Taking the other side of the Jimmy Roger's REAL INFLATION Trade

Discussion in 'Economics' started by ByLoSellHi, Jun 4, 2009.

  1. Everyone, and I mean everyone, is buying into the Jimmy Rogers 'equity indexes are going to soar in nominal terms because the reflation trick is going to work' theory, and when the reflation trick gets slammed by the malignant and persistent deflation train, there's going to be a ton of bagholders.

    Gold is also peaky. Crude? Forget it.

    You have no real purchasing power in the biggest economy in the world, and Chinese Officials dramatically lowering expectations as they see their production, exports AND imports plunge (and if you think China's bad, wait until you get a load of Japan).

    How in the hell are you going to get real inflation in the few essentials Americans still will need to buy on a globe where unemployment rates are spiking (20% in Spain, on that track in Ireland, we'll be hitting 12% in the U.S. w/in 8 months 'officially'), credit criteria for lending is tightening, discretionary spending is plunging

    I can go and buy milk, corn, chicken, beef, bread, eggs, a new car, a vacation, a plane ticket, a house and land cheaper now than I could last year, in 2007, in 2006, in 2005, in 2004, etc., etc., and you'll be able to add gasoline (you already can to some degree) and natural gas to that list soon, along with gold and silver (diamonds and art are already deflation-battled).

    If Julian Robertson is correct in his main trade (shorting long end treasuries expecting rampant monetary inflation), then we will have a depression.

    What do you get when you have $1.77 per gallon milk and 18% interest rates on a 10 Year Treasury, and income tax rates that are 20% to 40% higher than now, along with possible introduction of VAT taxes in the U.S.?

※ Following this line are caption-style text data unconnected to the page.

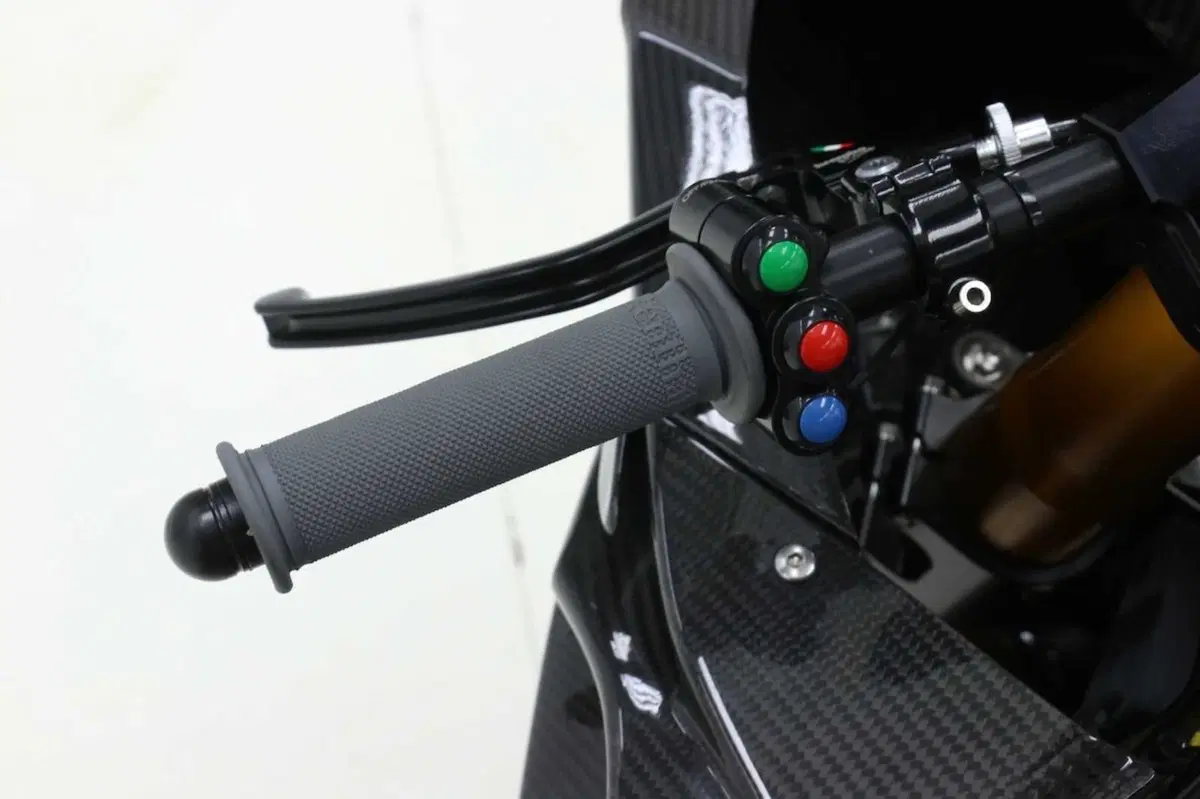 Una BMW HP4 Race ex Michael Dunlop in vendita. Interessa? (11)
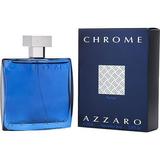 CHROME by Azzaro PARFUM SPRAY 3.4 OZ - Timeless Fragrance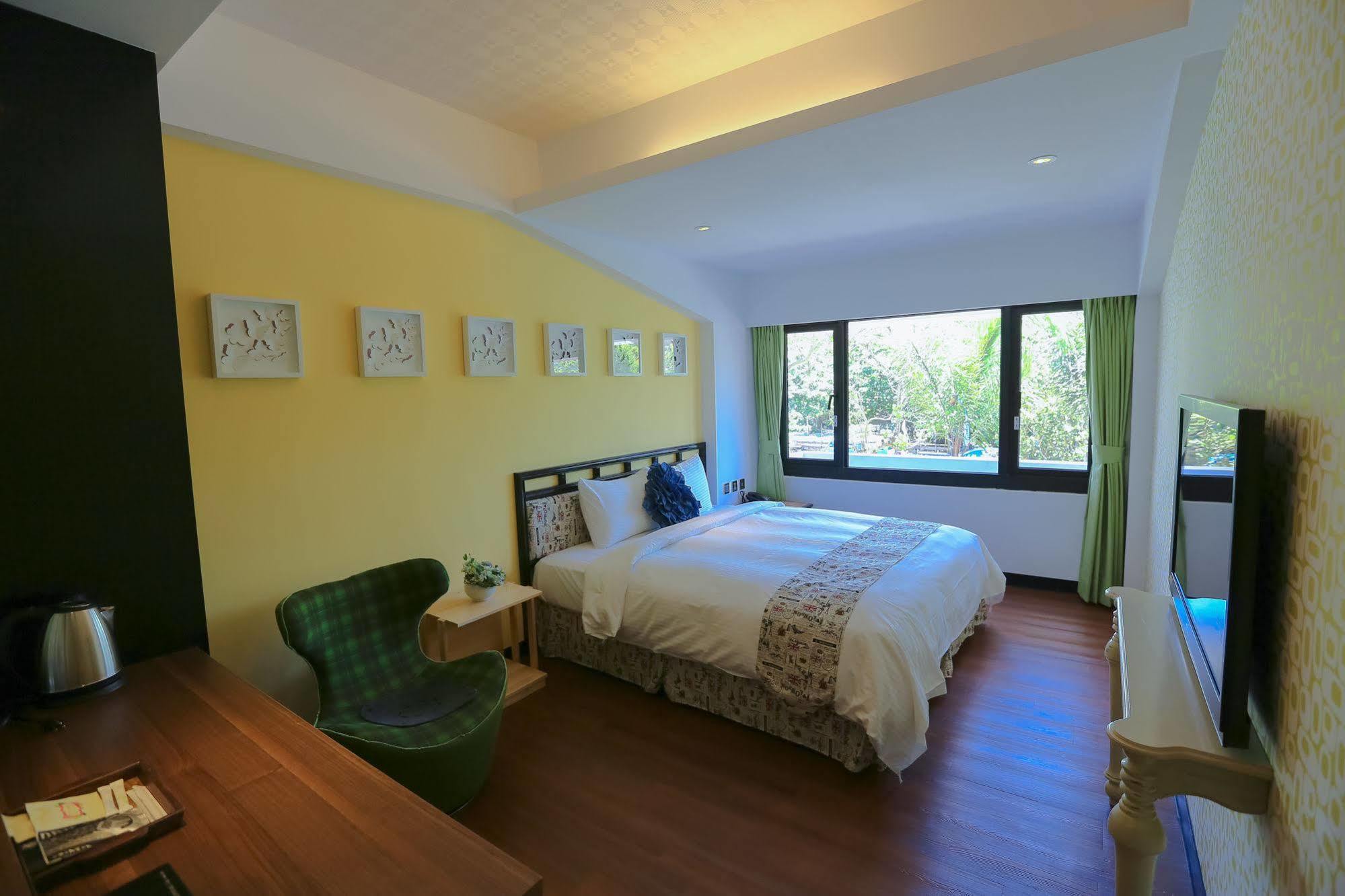 Hotelday Kenting Exterior foto
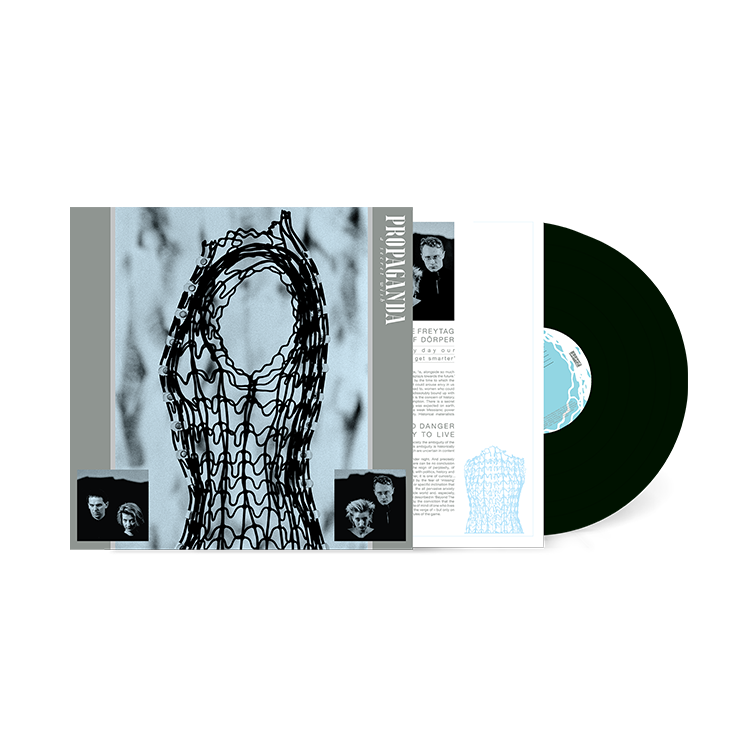 Propaganda - A Secret Wish: Vinyl LP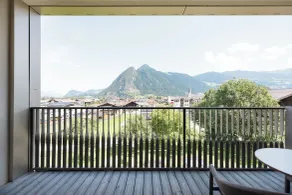 Gasthof Hotel Post - Udsigt fra værelset
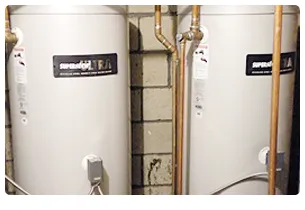 Slide of Ahern Contracting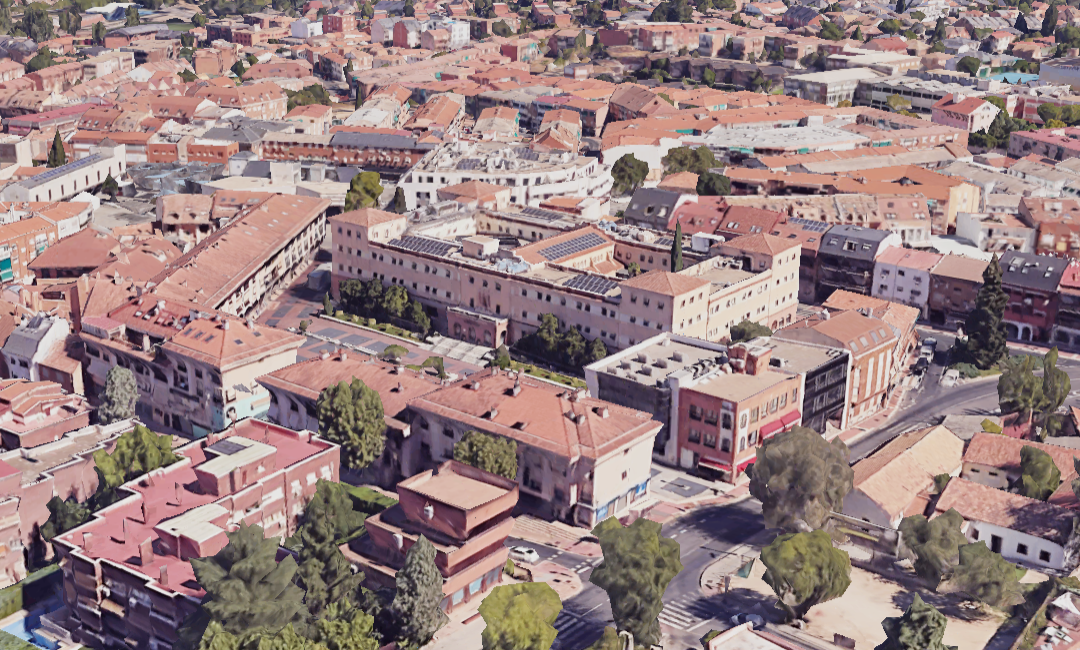 Publicación BOCM Texto inicial Ordenanza Licencias Pozuelo de Alarcón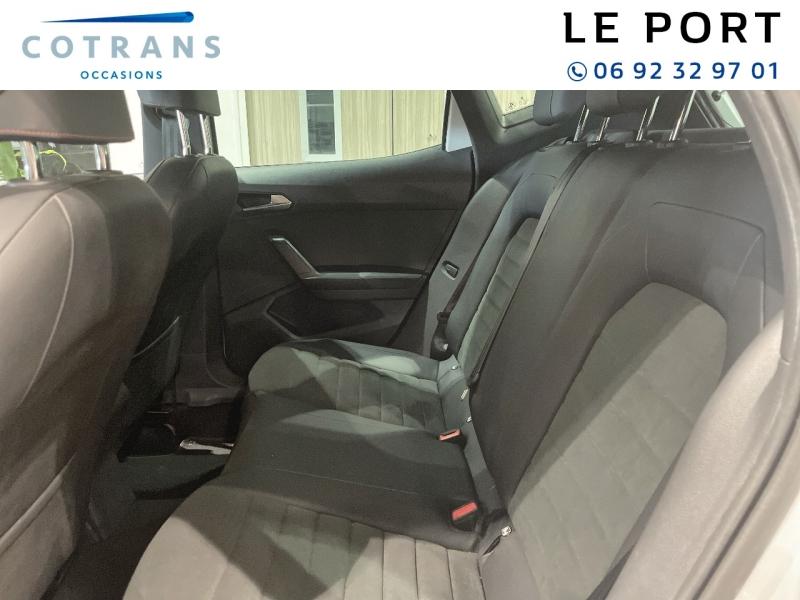 Photo 8 du véhicule SEAT Arona 1.0 TSI 110ch FR DSG7 - Vue extérieure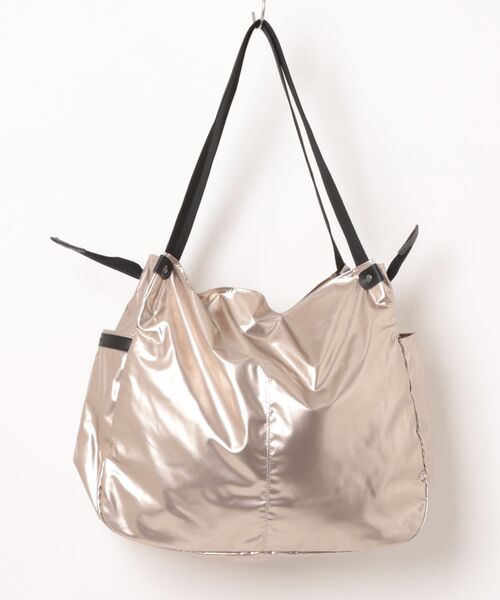 Doux archives（ドゥアルシーヴ）の「Jack Gomme LIGHT ORIGINAL LEVANTトートバッグ（トートバッグ・レディース・シャンパン・FREE）」の2枚目の写真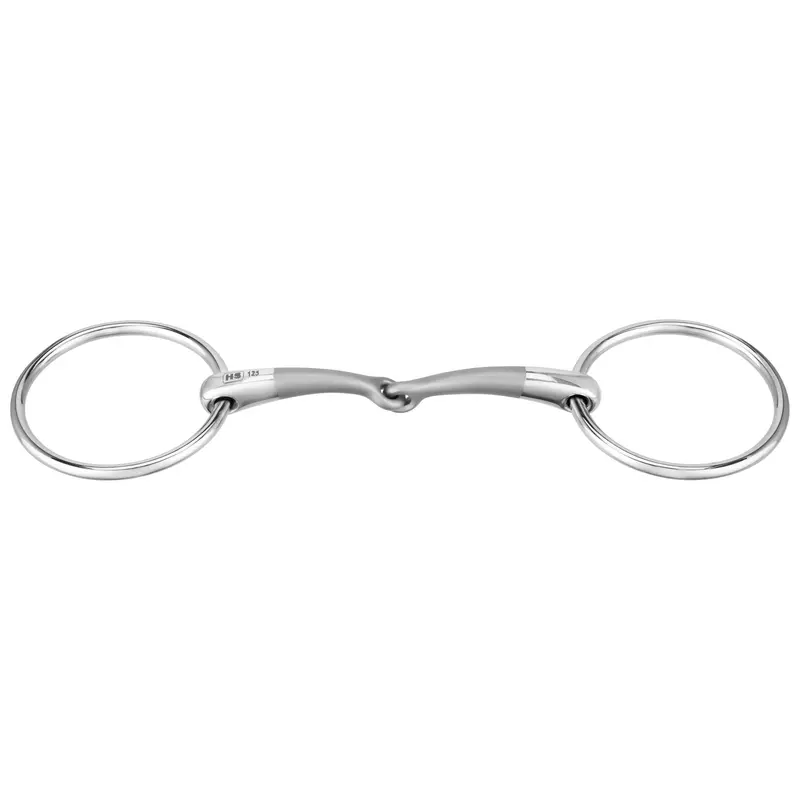 Herm Sprenger Satinox Loose Ring Snaffle 1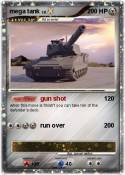 mega tank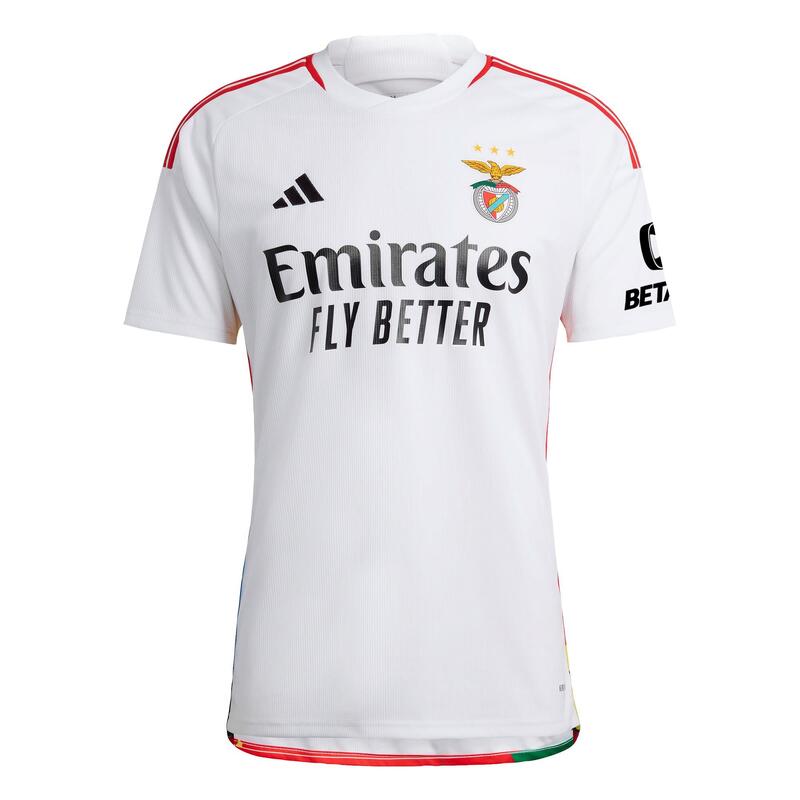 Benfica 23/24 Derde Voetbalshirt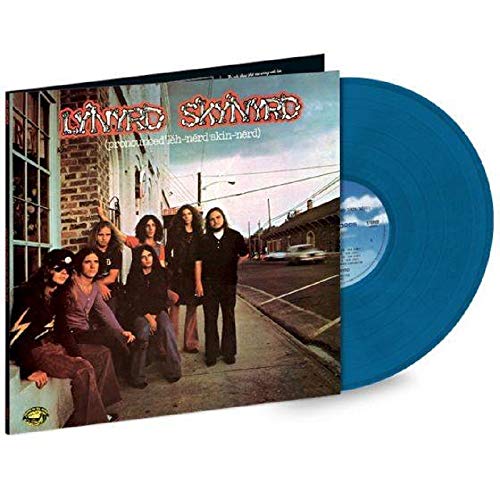 Lynyrd Skynyrd (Pronounced 'Leh-Nerd Skin-Nerd') Limited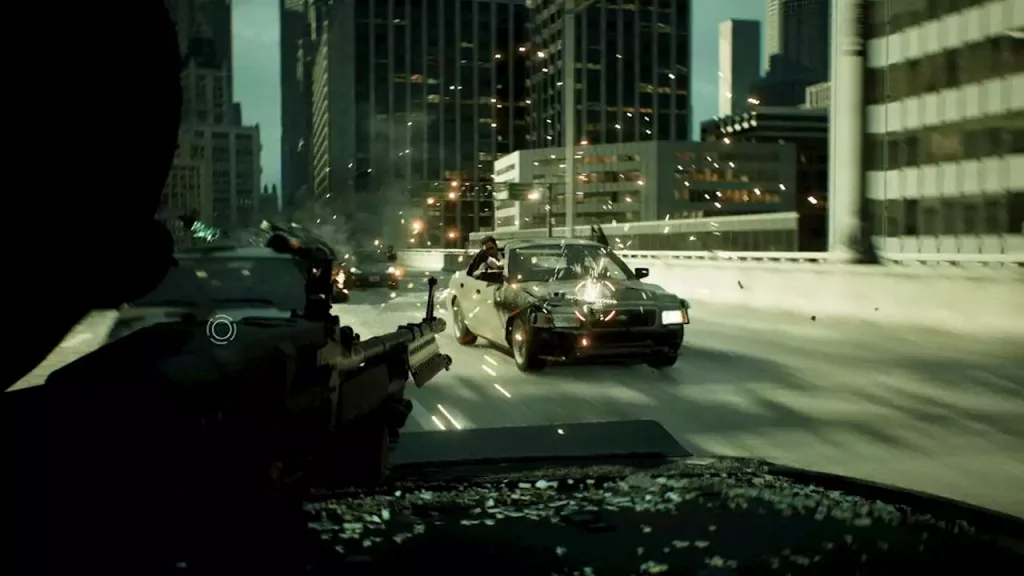 you must play the insane the matrix awakens unreal engine 5 demo 1469769981776834562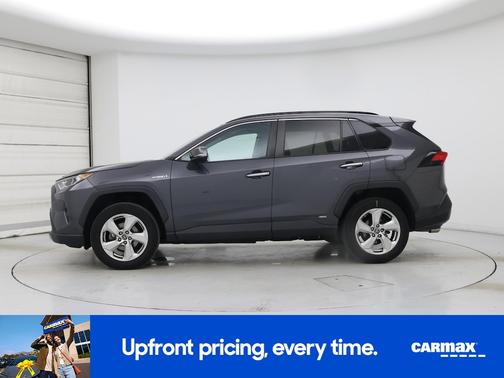 2019 Toyota RAV4 Hybrid Limited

    A deflation death spiral and a depression. Everyone with cash will save their asses off and money will literally run for 10 Year, 20 Year and 30 Year Treasuries. I'll buy 10 year treasuries at 12% to 18% ALL DAY LONG. And I'll buy 30 Year ones at anything above 16% hand over fist.

    Consumer and small business spending will grind to a halt. Savings will skyrocket.

    It'll be a stand-off at the O.K. Coral.

    Robertson can be right and Rogers very, very wrong in this scenario.
  2. dude, could you just get long and stfu already.
  3. Wow, you're a real braniac.
  4. It was 1 thing to have treasuries at 15% in 1980 when the Deficit was 930 billion. Its quite another to have 18% treasuries when our deficit is 12.1 trillion and growing at breakneck speeds. I mean in normal times the deficit has grown about 100% or more every 10 years. The fact that we are in this financial crisis means we can expect it to AT LEAST triple (just like it did between 1980 and 1990) This means we should be 36 trillion in debt minimum by 2020. Personally...i dont think the US dollar will be around that long. I think we've already reached our max debt and the other countries of the world are going to stop paying for our party.
  5. BLSH, your main argument is that printed money cannot make it to the right place to make difference. I dont think that is true as there are ways to do it.

    Key question is whether those that control printing will go that way as this has implications down the track. If they dont there are other problems... trying to keep all in balance is probably the direction they hoping for...

    At the moment because of these perverse news, lies etc, I am thinking it is done that way on purpose so people will not be buying now but at higher levels when more credible news hit the market.

    anyway, yes i am long but narrow stop.